Lucas Gelfond • Lesson #7: Collaborative filtering

This lesson is basically divided into two pieces.

The first half of the video is about various DL techniques. There's interesting stuff about optimizing runs on hardware: gradient accumulation, GPU memory usage, etc. There's also an explanation of cross-entropy loss, and of ensembling.

The second half is basically a rehash of the book's Chapter 8, on collaboartive filtering. They build a project using the IMDB dataset; I decided to use the UCSD "Goodreads" dataset. There's a version of it that is pre-processed on Kaggle but I had to do some of my own work to correlate book titles to book IDs. Anyways, you can see the notebook here

My results weren't amazing, which I suspect is because the data was fairly sparse (re: not a lot of users who reviewed many of the same books), but interesting loops:

More interesting, of course, was principal component analysis that found just how popular Fifty Shades is:

Here's the questions from the lesson — I read this awhile ago so I forget many of them. Anyways: next is CNNs and then I'm done with Part 1!

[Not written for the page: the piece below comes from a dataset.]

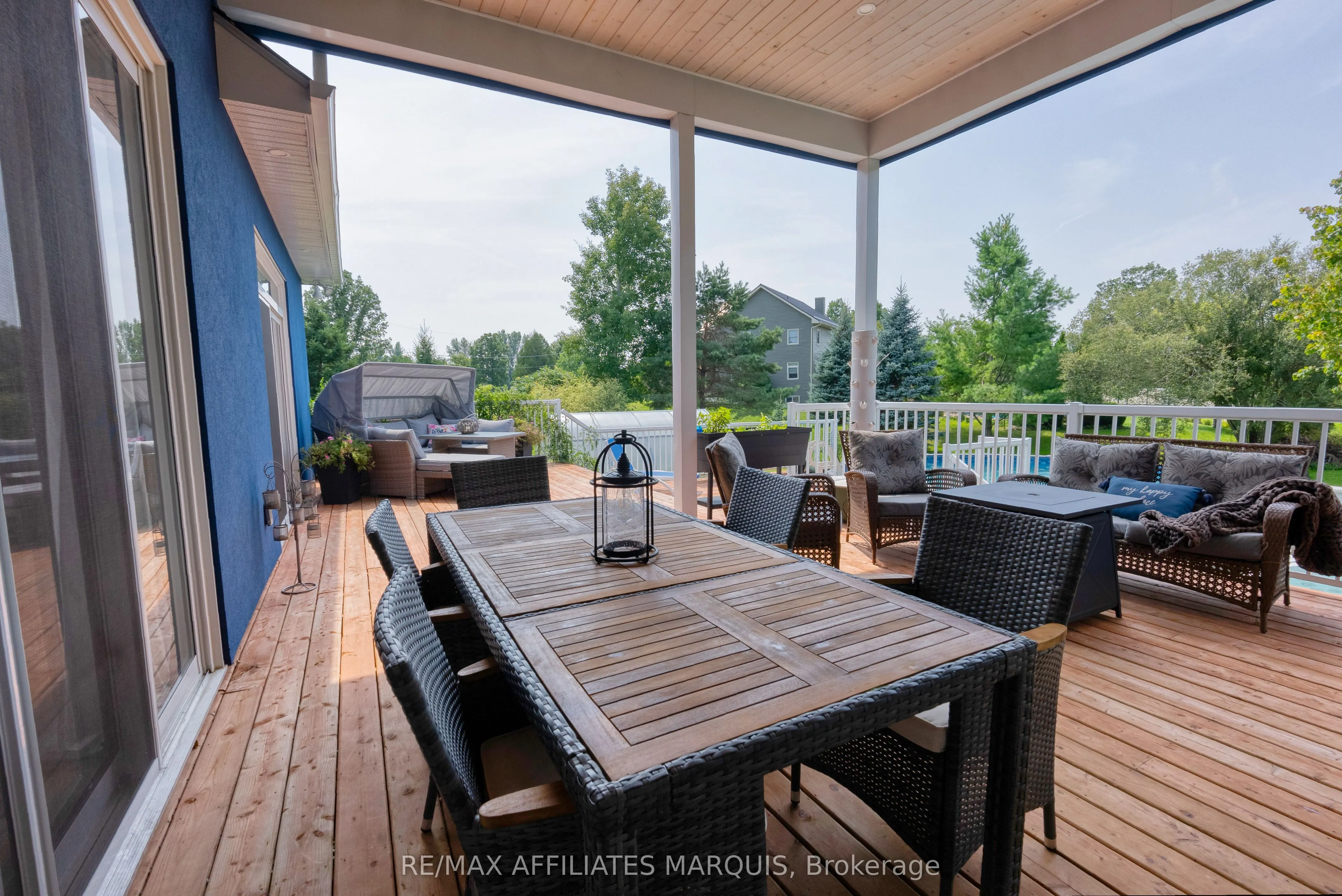 23 TUDOR Circle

✅ What problem does collaborative filtering solve?

Reccomendation for users (NIT: typo and based on interests of others)

✅ How does it solve it?

Take tons of ratings from tons of users. Have a set of latent factors for each item and each user. Initialize these latent factors randomly, and then train a model that sets the latent factors such that the dot product of the item factors and the user factors is predictive of their ultimate rating. If we can do this, given an arbitrary user and arbitrary item, we can predict how much they will like it.

✅ Why might a collaborative filtering predictive model fail to be a very useful recommendation system?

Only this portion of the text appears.